Portfolio Update - Jul 2022

Time for next portfolio update (last one here). In the last few weeks, my portfolio has managed to stabilize and perhaps even gain a little bit. This shouldn't come as a surprise to anyone, given that the FTSE All World All Cap Index (and a bunch of other market indices) have all had a good time in the same time period. 

Let's get started with the charts and then get on to some commentary in the latter half of this posts.




Commentary

Markets are likely factoring in possible sightings of the end of the interest rate hikes. I am personally not convinced that the interest rate hikes are anywhere close to where they will be in the worst case, but I anyway don't worry about the short term macro changes in setting up my portfolio.

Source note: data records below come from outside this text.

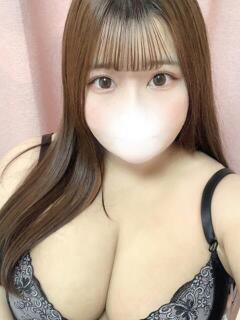 なみ エンジェルマスカット（鶯谷/デリヘル）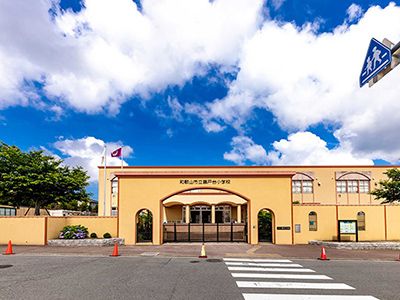 Building-Conditioned Land in Wakayama City – 164.82 sqm by Daiwa House - Thumbnail 4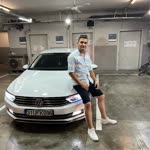 Ufuk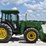 1996-john-deere-5500-image-6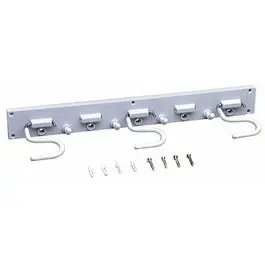 16-Inch Smartrack Adjustable Storage Hanger For Tools And Gear 1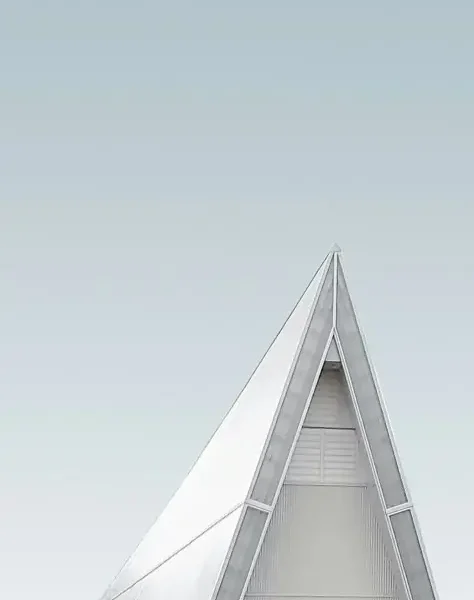 مقالات معماری مینیمال MinimalArchitecture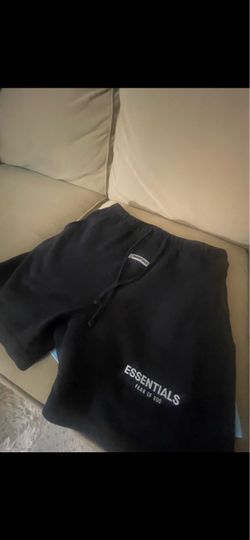 Men’s Shorts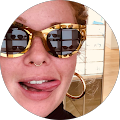 Gemma Ronge Gemma Ronge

Like I wrote last month, I have been carefully observing if my portfolio can withstand the kind of drawdown / volatility and continue to generate beta, if not alpha, that we have seen over the past few months and continue to be quietly confident that it will do the trick.

In terms of Geography, there is a significant drop in the Australia allocation (from 16.1% down to 10%). This is partially because of the ResApp (ASX:RAP) special situation which played out well with a new offer at 20.6. I had held it in the hope of a renewed offer and have gotten out of the position after the offer came through. This has reduced my Australia allocation by a bit. 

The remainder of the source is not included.